Please copy the lines below, exactly as they are, from the one with "Hello, good day" through the one with "Customers can collect", and leave out the pictures.

╭─ DATA

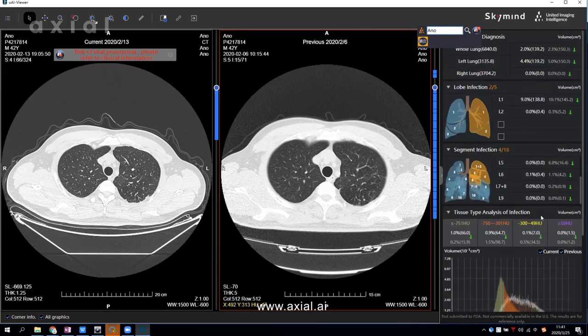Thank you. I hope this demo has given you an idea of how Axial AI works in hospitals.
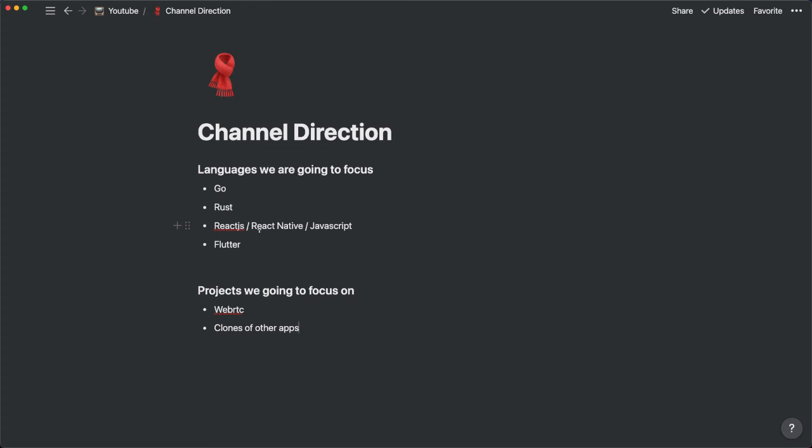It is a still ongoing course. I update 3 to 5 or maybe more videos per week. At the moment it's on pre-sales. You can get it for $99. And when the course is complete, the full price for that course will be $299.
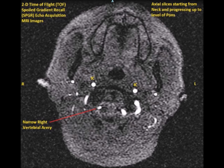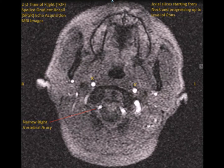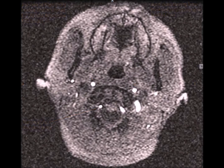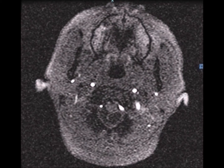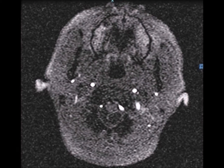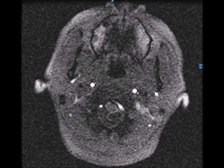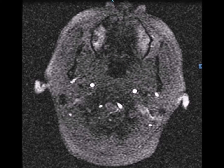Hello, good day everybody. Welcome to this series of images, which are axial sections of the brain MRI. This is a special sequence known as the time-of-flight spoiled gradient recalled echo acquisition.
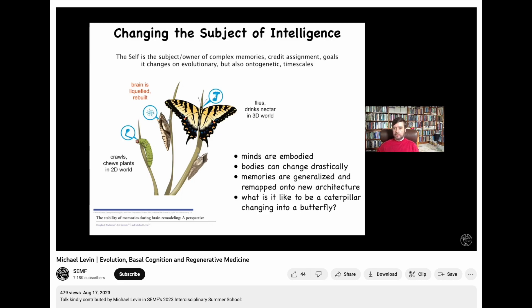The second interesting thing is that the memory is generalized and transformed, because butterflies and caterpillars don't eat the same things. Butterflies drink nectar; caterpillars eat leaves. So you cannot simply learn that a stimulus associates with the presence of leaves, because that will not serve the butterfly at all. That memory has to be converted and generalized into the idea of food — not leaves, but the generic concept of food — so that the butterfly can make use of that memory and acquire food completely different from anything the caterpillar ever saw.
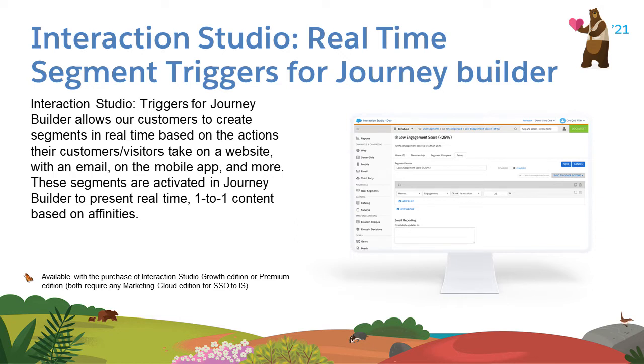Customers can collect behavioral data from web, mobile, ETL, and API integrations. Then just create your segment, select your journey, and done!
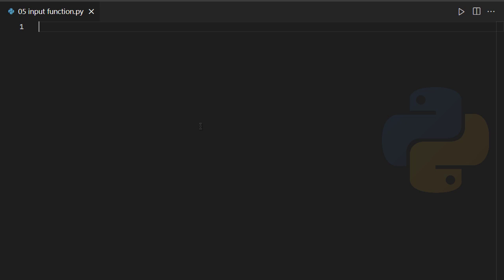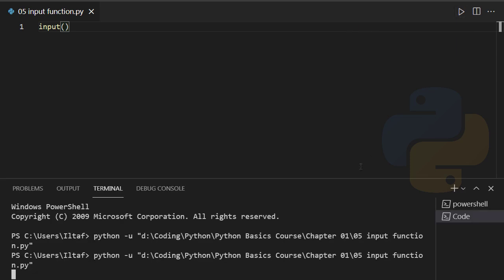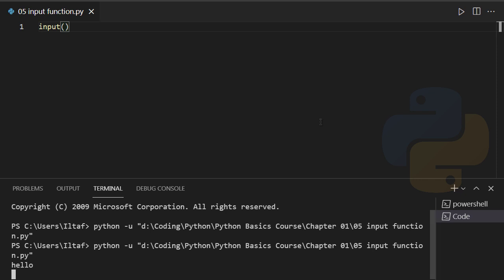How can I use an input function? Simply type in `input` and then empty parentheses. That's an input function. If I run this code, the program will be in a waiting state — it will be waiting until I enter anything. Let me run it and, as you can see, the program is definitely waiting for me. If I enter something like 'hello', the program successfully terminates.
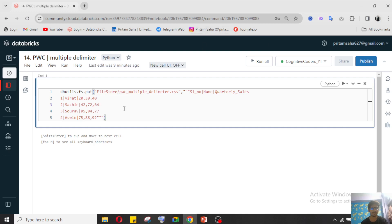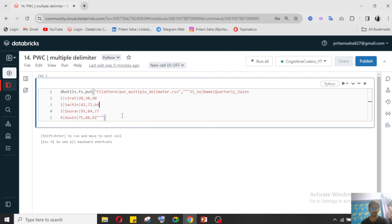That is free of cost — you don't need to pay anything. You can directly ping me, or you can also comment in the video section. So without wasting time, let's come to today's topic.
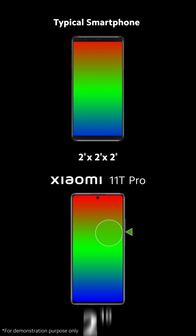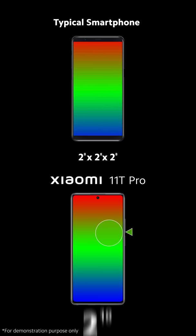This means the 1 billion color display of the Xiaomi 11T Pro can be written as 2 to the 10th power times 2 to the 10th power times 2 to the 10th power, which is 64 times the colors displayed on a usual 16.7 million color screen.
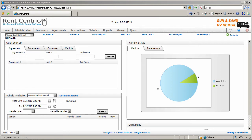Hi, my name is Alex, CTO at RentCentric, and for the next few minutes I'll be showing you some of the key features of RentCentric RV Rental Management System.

╰─

▸ TASK RESPONSE:
Hello, good day everybody. Welcome to this series of images, which are axial sections of the brain MRI. This is a special sequence known as the time-of-flight spoiled gradient recalled echo acquisition.
The second interesting thing is that the memory is generalized and transformed, because butterflies and caterpillars don't eat the same things. Butterflies drink nectar; caterpillars eat leaves. So you cannot simply learn that a stimulus associates with the presence of leaves, because that will not serve the butterfly at all. That memory has to be converted and generalized into the idea of food — not leaves, but the generic concept of food — so that the butterfly can make use of that memory and acquire food completely different from anything the caterpillar ever saw.
Customers can collect behavioral data from web, mobile, ETL, and API integrations. Then just create your segment, select your journey, and done!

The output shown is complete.